Omit the pictures from the entries below and retype everything else exactly.

#### EXTRACTED RECORDS ####

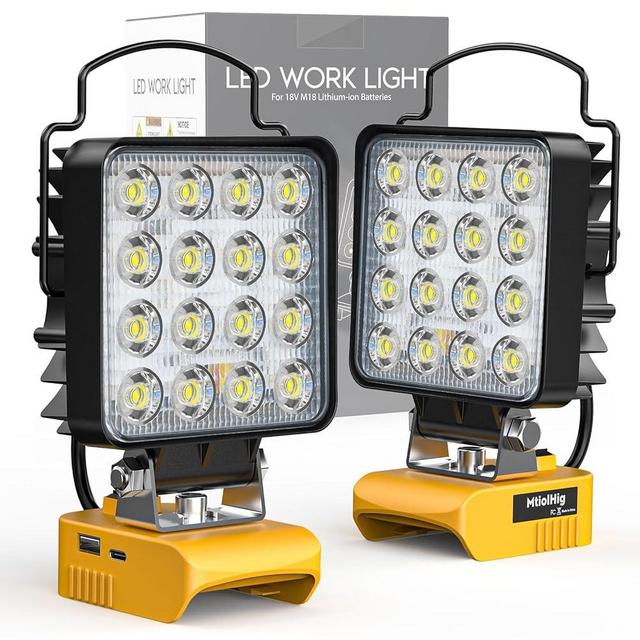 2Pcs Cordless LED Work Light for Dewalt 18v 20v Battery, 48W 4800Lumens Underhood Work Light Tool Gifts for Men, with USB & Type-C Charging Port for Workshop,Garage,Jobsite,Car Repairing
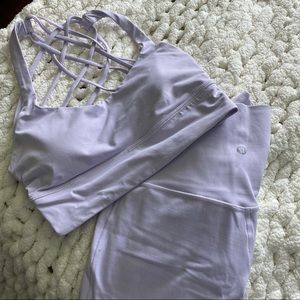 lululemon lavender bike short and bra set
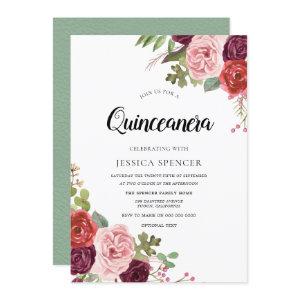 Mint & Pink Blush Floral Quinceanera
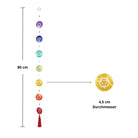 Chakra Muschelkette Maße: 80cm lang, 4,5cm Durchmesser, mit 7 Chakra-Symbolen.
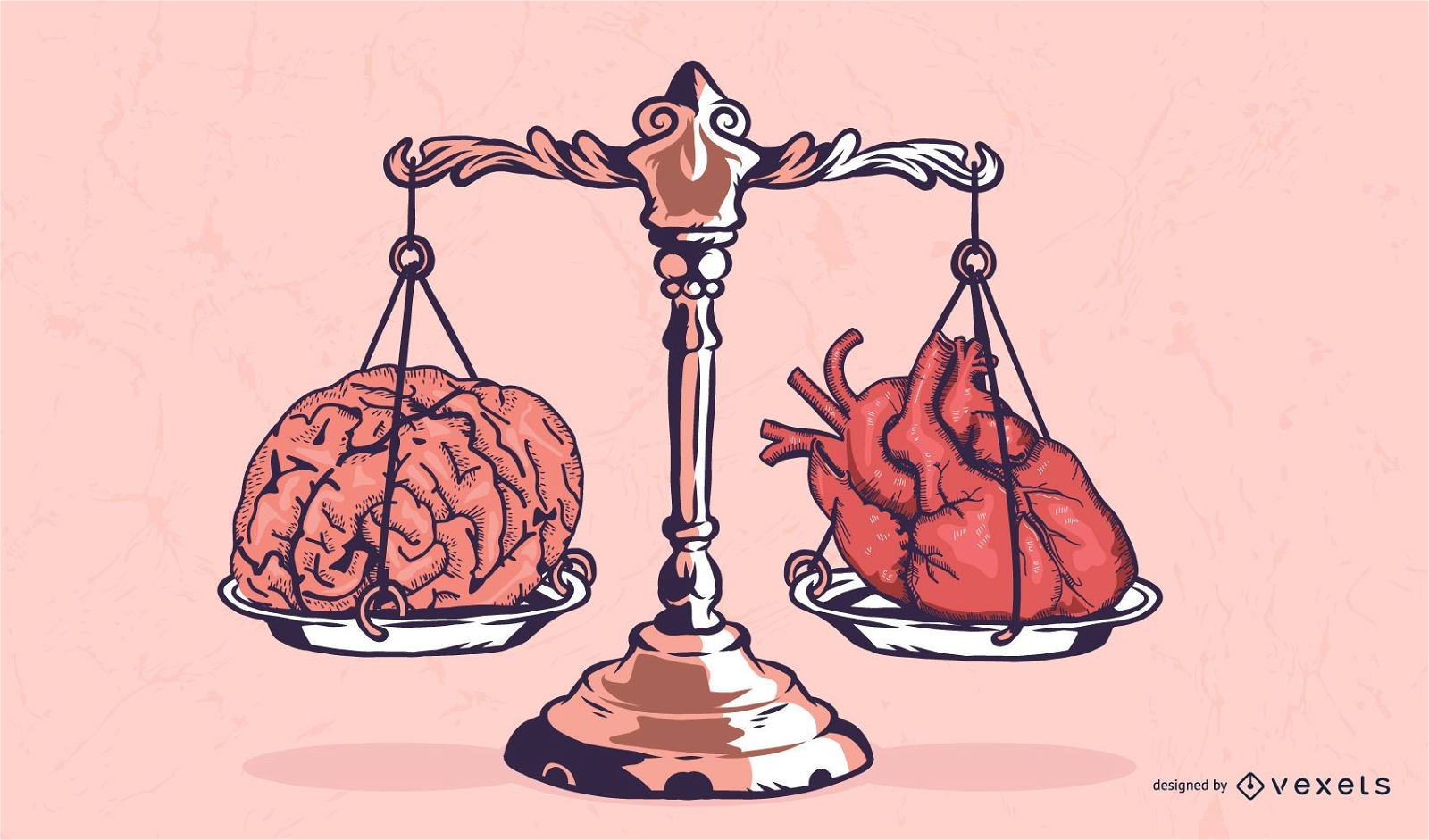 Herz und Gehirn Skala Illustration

####

ANSWER FOR THIS EXERCISE:
 2Pcs Cordless LED Work Light for Dewalt 18v 20v Battery, 48W 4800Lumens Underhood Work Light Tool Gifts for Men, with USB & Type-C Charging Port for Workshop,Garage,Jobsite,Car Repairing
 lululemon lavender bike short and bra set
 Mint & Pink Blush Floral Quinceanera
 Chakra Muschelkette Maße: 80cm lang, 4,5cm Durchmesser, mit 7 Chakra-Symbolen.
 Herz und Gehirn Skala Illustration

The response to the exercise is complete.